Dallas — As February comes to a close, the Orpheus Chamber Singers presented a beautiful choral program centered on the themes of love and romance at the Lovers Lane United Methodist Church last weekend. In collaboration with Plano East High School’s a cappella choir, the group spun together a collection of pieces spanning from the 16th century to the 20th, marked by their distinguished polish and tonal purity. Conductor and founding artistic director Donald Krehbiel, known for his smooth, thoughtful precision, allowed the program to breathe from start to finish with a through line of subtle, effective energy.
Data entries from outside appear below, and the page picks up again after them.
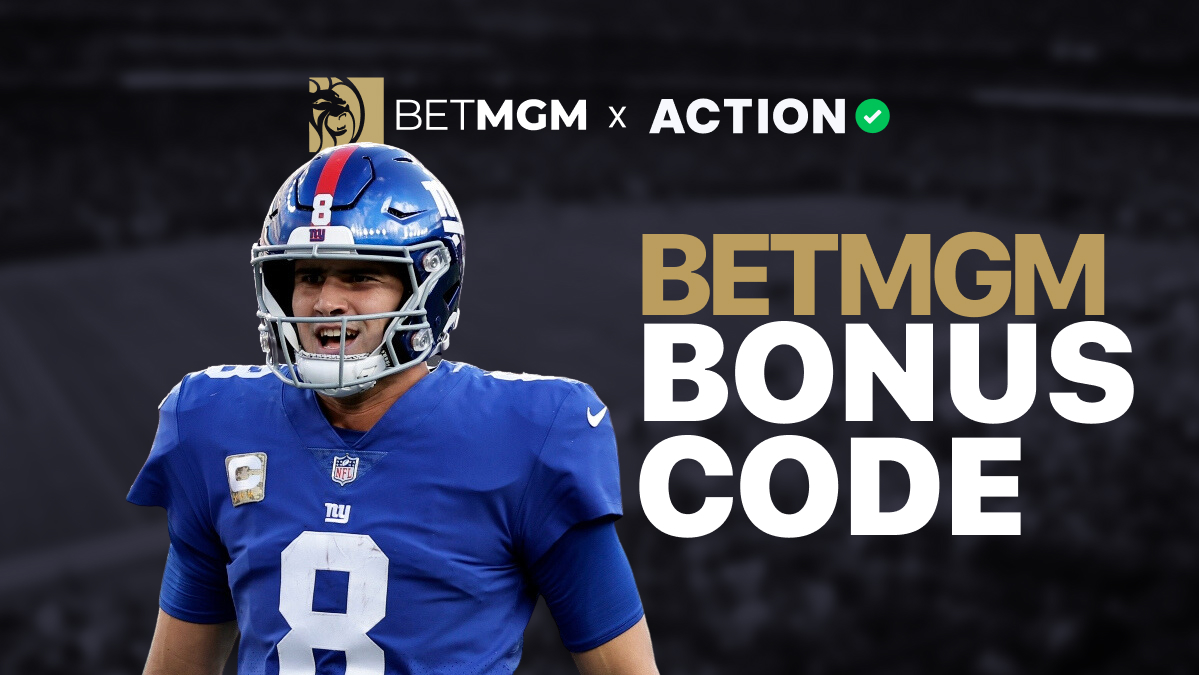 BetMGM Bonus Code TOPTAN1500 Activates up to $1,500 for NFL Week 1 Image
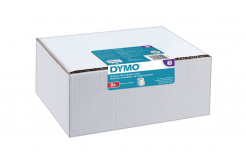 Dymo 99014, 2093092, 54mm x 101mm, eredeti papír címkék, 6 db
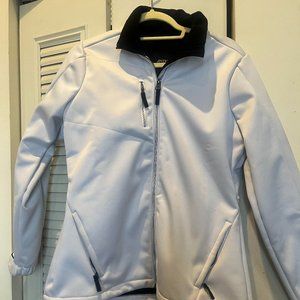 Antigua Fleece Lined Jacket - Size Medium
The beautifully appointed sanctuary was the perfect space for these groups. Its large, open layout and high ceilings allowed for several moments of pristine, rounded textures to ring in with lingering clarity.
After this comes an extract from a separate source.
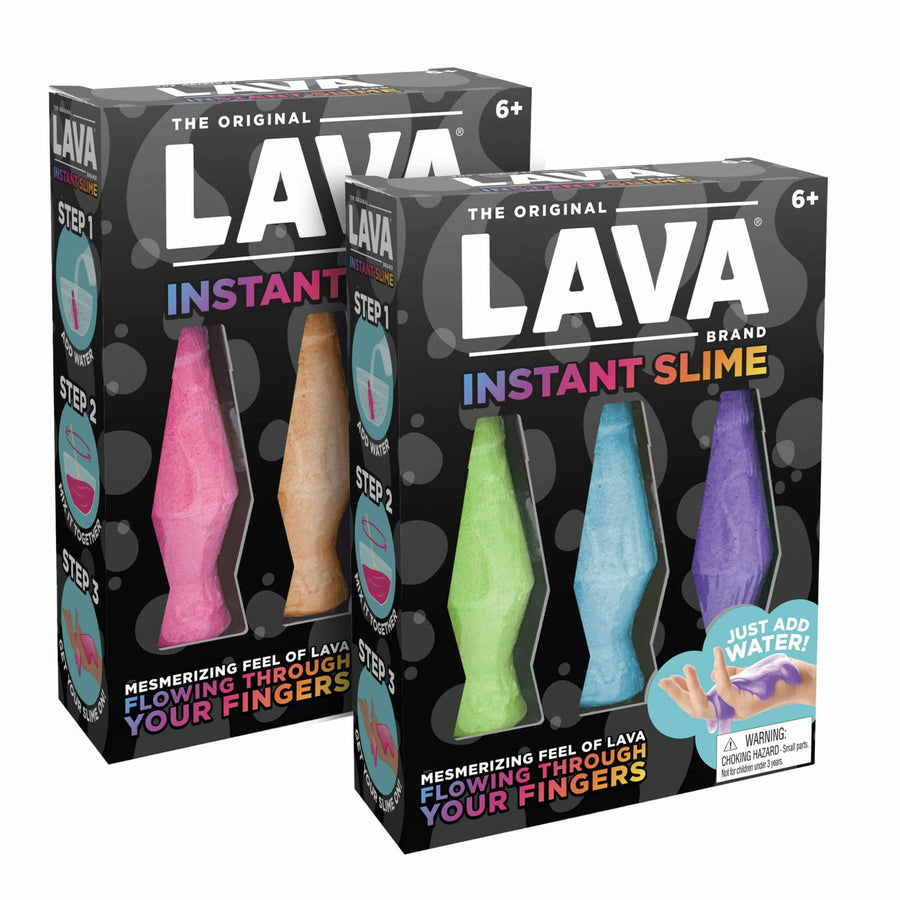 LAVA INSTANT SLIME O8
The first half of the program was characterized by works from 20th century composers, save one bel canto aria from Rossini’s opera La Cenerentola. “Non più mesta,” performed as a solo piece by mezzo-soprano Hannah Ceniseros, was warm and agile, and it served as a bright contrast to the thick textured selections that surrounded it.
The opening selection, “The Passionate Shepherd to His Love” by Jean Belmont, is a choral setting of 16th century poetry released in 1994. It started the concert off with dark, weighted harmonies that brought old ideas together with modern musical settings. In this same vein, the program continued by evoking the symbolism of the rose through three settings by Paul Mealor.
It was here, too, that the award-winning Plano East High School choir was featured. Led by Daniel Knight, who is also a member of the Orpheus ensemble, the 80-plus voices gave remarkable sensitivity to two French settings by Morten Lauridsen. Considering their age and size of the group, they offered diction that was notably emotive and a full, expressive tone.
Sticking with the language of love, the two choirs joined forces on “Dirait-on,” also composed by Lauridsen. Together with accompaniment from pianist Chris Brunt, the full ensemble appointed the contemporary color of the work with a requisite pensiveness and rich, velvety lines.
The first half was rounded out by selections filled with character, ranging in effect from deep reflection to sardonic wit. Dale Trumbore’s “Love is a Sickness” is a clever, jazzy setting of 16th century poetry that addresses the more woeful aspects of love and romance. It worked here in this setting, calling for percussive scatting from the basses and tenors to provide a rhythmic backdrop before which the sopranos and altos lay the primary melodic idea. Paul Sjolund’s “Love Lost” brought lighter texts to the program that offered a satirical view of love. They were short, humorous, and a bit quippy—a refreshing look at this group’s ability to interpret and adapt—finishing with Joseph Gregorio’s “Love, Thricewise,” a set three pieces distinct from one another in tone and mood. They range from bright and busy fugue-like lines to dark, reflective, close-nit harmonies, pulling from the poetry of Witter Bynner, Emily Dickinson, and Sidney Lanier.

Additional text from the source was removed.